(Extracted records)
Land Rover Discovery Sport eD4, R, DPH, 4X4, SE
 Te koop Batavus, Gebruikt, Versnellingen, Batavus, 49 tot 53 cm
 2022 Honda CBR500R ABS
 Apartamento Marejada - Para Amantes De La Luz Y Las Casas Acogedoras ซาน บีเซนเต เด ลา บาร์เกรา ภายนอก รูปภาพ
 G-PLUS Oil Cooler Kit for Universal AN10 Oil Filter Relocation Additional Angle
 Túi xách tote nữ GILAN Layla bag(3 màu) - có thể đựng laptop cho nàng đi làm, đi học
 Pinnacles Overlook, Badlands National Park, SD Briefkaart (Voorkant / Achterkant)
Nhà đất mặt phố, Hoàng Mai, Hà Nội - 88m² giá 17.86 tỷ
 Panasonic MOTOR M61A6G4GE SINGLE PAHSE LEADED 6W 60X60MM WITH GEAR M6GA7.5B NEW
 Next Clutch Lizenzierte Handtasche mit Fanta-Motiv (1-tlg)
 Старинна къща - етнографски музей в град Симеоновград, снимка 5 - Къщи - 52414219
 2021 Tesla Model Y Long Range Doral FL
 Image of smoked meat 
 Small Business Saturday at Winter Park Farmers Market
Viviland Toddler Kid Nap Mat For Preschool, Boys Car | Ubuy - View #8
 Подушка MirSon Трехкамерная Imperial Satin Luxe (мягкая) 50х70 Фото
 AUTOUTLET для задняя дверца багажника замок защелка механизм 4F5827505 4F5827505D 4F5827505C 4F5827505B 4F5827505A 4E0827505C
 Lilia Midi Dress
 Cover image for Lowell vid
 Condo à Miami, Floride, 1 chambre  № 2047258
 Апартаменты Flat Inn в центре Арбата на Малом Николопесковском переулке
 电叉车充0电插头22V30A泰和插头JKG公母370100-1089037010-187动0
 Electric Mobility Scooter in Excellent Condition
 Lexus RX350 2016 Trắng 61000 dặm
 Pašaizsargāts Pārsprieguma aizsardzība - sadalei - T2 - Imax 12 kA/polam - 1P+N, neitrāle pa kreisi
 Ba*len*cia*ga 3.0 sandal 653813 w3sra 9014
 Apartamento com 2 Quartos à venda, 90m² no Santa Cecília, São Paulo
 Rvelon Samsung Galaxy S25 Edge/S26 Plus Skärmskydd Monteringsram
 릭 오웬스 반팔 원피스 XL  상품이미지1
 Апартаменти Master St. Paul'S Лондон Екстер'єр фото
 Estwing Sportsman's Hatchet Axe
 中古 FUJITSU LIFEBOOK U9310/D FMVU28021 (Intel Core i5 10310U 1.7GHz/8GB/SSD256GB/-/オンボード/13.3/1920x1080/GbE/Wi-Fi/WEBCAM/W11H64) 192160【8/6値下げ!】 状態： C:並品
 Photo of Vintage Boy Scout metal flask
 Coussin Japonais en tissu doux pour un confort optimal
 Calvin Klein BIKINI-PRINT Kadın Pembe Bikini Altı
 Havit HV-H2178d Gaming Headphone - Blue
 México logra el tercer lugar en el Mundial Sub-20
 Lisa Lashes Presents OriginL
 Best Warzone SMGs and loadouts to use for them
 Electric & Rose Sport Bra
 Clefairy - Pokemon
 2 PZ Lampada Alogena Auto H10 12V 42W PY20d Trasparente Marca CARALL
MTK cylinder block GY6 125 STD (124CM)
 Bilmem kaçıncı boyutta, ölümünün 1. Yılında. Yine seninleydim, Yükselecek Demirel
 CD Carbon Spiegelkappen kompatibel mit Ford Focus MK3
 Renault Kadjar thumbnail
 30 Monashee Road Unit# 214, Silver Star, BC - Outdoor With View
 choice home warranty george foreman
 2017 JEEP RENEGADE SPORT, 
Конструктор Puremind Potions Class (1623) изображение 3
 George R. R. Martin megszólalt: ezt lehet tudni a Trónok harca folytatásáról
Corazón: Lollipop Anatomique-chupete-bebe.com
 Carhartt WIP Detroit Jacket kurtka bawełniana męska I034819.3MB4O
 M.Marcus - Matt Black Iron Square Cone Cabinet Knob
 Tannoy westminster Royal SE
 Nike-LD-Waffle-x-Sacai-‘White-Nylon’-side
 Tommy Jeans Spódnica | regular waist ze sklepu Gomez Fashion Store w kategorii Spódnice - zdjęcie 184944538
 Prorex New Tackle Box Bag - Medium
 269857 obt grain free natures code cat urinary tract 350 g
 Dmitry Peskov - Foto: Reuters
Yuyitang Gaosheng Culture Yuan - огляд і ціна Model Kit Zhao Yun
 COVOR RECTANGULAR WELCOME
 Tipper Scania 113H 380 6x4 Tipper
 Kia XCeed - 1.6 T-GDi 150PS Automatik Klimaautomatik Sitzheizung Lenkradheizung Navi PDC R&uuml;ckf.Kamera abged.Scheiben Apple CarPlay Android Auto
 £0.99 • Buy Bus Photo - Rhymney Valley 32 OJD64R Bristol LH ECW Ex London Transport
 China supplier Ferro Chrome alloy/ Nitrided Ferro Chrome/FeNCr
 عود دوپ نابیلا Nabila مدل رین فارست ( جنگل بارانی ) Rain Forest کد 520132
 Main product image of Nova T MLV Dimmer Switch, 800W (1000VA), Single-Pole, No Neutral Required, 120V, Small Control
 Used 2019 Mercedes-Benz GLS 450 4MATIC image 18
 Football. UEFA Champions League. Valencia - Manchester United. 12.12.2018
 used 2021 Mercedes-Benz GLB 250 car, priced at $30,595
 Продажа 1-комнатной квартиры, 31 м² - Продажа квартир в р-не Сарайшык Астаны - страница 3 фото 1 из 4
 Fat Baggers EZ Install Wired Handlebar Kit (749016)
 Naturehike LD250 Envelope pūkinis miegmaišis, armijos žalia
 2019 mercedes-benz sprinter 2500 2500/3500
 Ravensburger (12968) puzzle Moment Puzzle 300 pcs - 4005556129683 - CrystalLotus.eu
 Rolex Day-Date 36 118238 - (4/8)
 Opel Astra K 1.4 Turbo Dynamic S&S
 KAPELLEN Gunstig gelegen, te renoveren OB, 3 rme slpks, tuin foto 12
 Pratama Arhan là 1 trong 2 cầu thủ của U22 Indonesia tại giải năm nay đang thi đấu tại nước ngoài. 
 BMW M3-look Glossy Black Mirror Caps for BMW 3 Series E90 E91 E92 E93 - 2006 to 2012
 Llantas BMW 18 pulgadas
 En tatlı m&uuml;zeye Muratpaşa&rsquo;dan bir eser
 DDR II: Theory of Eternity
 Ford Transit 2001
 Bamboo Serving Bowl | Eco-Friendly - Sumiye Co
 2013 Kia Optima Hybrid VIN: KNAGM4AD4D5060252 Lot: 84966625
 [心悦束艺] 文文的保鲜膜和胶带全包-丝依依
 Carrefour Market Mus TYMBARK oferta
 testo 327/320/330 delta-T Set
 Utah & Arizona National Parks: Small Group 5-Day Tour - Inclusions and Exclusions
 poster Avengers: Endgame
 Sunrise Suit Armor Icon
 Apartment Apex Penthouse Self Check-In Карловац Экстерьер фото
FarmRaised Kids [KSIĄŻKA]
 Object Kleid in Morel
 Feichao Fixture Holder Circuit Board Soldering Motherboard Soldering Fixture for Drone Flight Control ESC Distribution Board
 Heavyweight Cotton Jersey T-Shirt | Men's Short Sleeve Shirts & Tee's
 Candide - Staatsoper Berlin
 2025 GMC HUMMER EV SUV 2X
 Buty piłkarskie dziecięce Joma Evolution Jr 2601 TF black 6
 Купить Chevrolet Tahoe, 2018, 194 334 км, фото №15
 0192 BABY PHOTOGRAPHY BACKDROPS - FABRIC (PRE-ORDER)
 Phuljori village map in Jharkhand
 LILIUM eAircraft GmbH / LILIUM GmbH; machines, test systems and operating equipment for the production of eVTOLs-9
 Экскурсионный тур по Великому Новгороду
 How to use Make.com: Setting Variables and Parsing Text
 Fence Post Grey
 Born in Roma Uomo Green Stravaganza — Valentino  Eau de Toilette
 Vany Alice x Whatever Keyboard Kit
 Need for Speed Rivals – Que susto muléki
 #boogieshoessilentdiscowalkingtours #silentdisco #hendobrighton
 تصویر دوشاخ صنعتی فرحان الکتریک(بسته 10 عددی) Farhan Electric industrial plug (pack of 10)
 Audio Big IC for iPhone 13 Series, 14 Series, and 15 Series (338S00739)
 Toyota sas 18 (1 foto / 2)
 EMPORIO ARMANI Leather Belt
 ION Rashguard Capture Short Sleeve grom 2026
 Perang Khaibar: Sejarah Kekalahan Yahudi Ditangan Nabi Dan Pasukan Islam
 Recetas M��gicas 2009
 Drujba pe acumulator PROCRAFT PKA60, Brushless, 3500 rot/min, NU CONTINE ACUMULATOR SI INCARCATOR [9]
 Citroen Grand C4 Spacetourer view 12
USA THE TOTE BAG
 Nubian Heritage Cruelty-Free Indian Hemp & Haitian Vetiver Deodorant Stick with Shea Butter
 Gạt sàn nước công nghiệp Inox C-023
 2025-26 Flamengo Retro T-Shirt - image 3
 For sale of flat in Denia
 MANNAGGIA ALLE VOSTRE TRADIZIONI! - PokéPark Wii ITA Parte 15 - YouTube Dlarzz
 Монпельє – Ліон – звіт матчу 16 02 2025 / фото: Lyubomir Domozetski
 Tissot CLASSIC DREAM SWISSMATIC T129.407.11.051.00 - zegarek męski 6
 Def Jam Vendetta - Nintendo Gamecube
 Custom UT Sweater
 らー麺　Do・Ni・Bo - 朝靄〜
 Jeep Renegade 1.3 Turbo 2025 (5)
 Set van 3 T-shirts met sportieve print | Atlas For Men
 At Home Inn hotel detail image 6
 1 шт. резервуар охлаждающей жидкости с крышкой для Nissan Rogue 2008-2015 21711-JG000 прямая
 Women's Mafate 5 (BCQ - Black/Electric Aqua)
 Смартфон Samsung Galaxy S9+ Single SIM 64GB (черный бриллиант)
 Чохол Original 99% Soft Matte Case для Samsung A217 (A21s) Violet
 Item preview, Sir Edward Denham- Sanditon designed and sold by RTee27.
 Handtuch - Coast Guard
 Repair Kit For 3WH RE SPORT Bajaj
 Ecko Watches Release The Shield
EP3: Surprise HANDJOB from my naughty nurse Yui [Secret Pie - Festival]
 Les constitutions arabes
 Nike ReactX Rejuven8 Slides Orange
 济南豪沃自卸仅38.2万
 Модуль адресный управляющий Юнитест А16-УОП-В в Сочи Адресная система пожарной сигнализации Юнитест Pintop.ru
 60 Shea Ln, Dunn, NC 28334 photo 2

(ABOUT THIS TASK) Copy out each line of the data containing the string "Electric".

(ANSWER AREA)
 Electric Mobility Scooter in Excellent Condition
 Electric & Rose Sport Bra
 تصویر دوشاخ صنعتی فرحان الکتریک(بسته 10 عددی) Farhan Electric industrial plug (pack of 10)
 Women's Mafate 5 (BCQ - Black/Electric Aqua)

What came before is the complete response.